EXERCISE INSTRUCTIONS |
Repeat each record below exactly, omitting whatever pictures appear in it.

RECORDS FOR THE TASK Start Marker

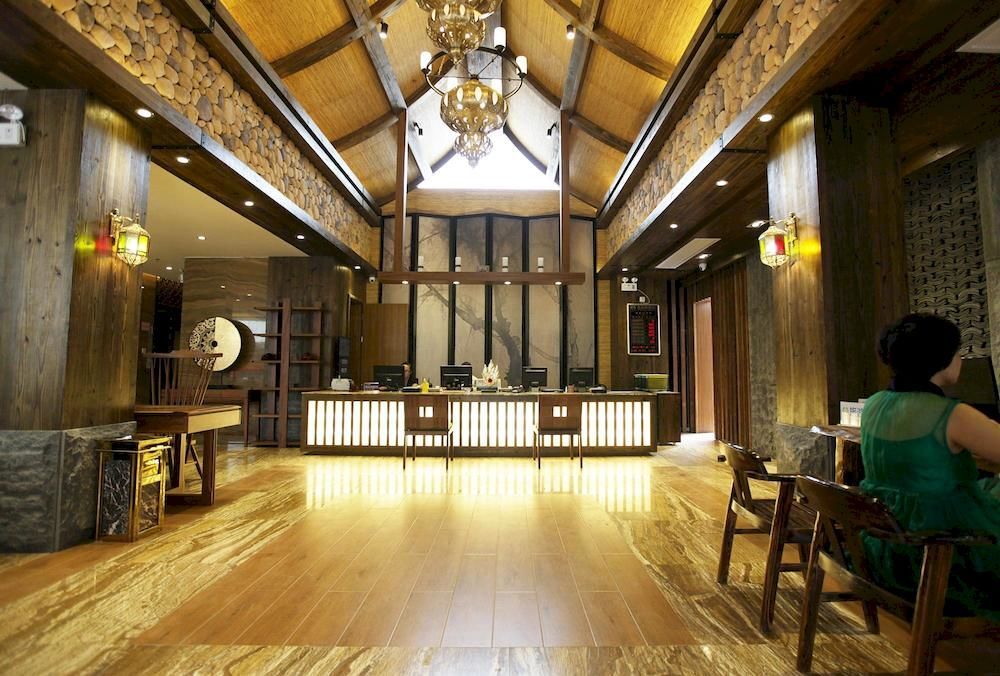 Яншо: Pattaya Hotel
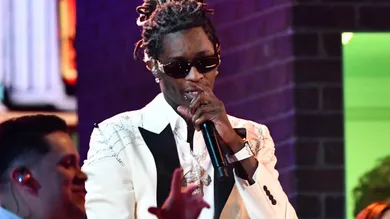 Young Thug Andre 3000 J Cole Leaked Jail Calls Hip Hop News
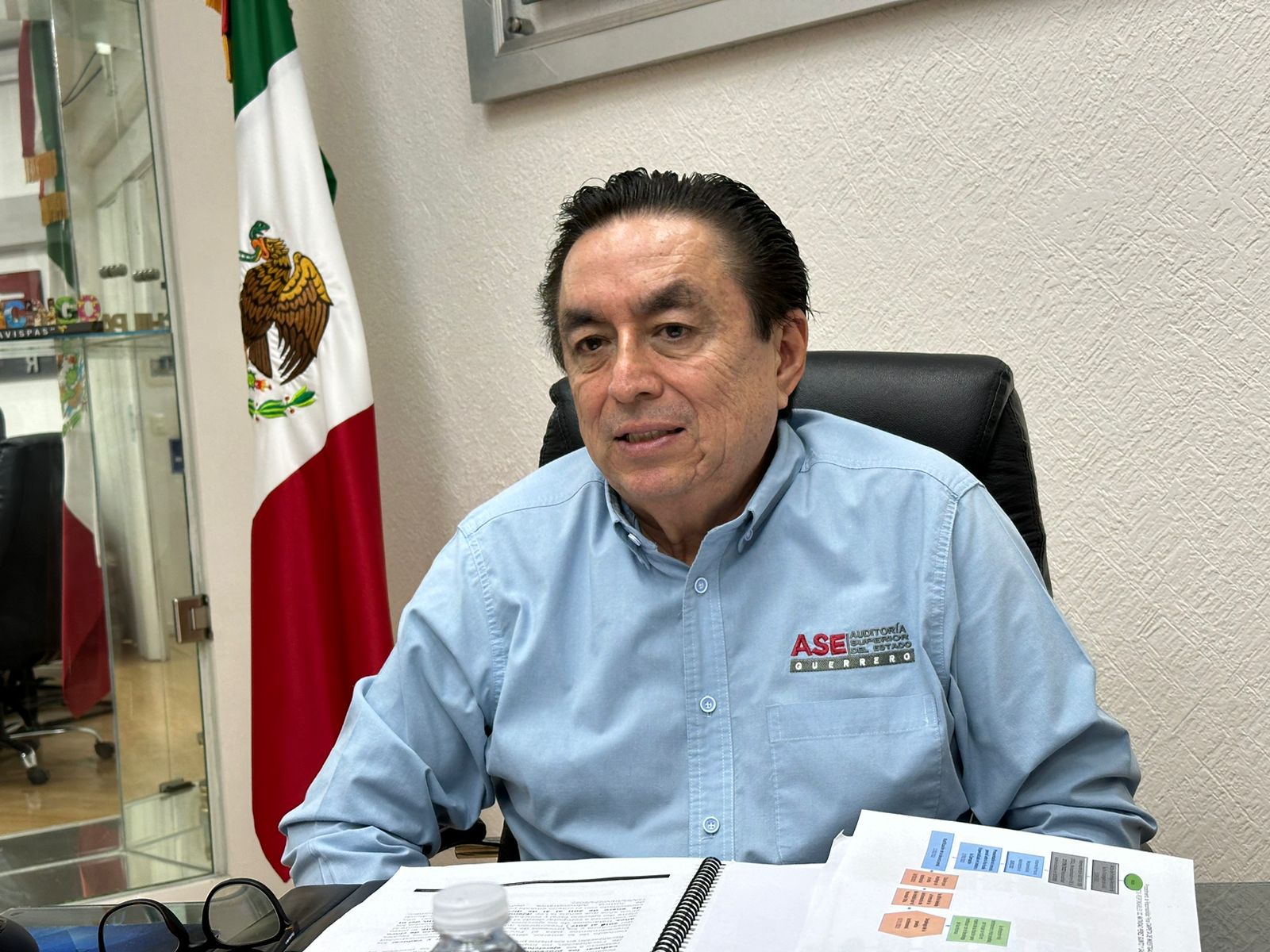 En Guerrero… Confirman que la ex encargada de la ASE es investigada administrativa y penalmente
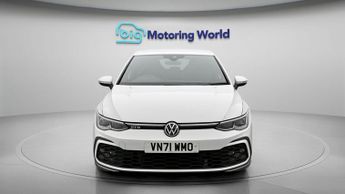 Volkswagen Golf GTD TDI DSG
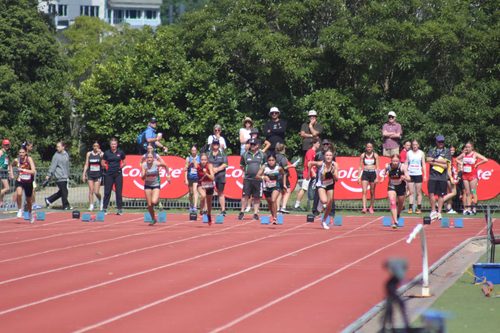 2024 Colgate Games photo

RECORDS FOR THE TASK End Marker

WRITTEN RESPONSE |
 Яншо: Pattaya Hotel
 Young Thug Andre 3000 J Cole Leaked Jail Calls Hip Hop News
 En Guerrero… Confirman que la ex encargada de la ASE es investigada administrativa y penalmente
 Volkswagen Golf GTD TDI DSG
 2024 Colgate Games photo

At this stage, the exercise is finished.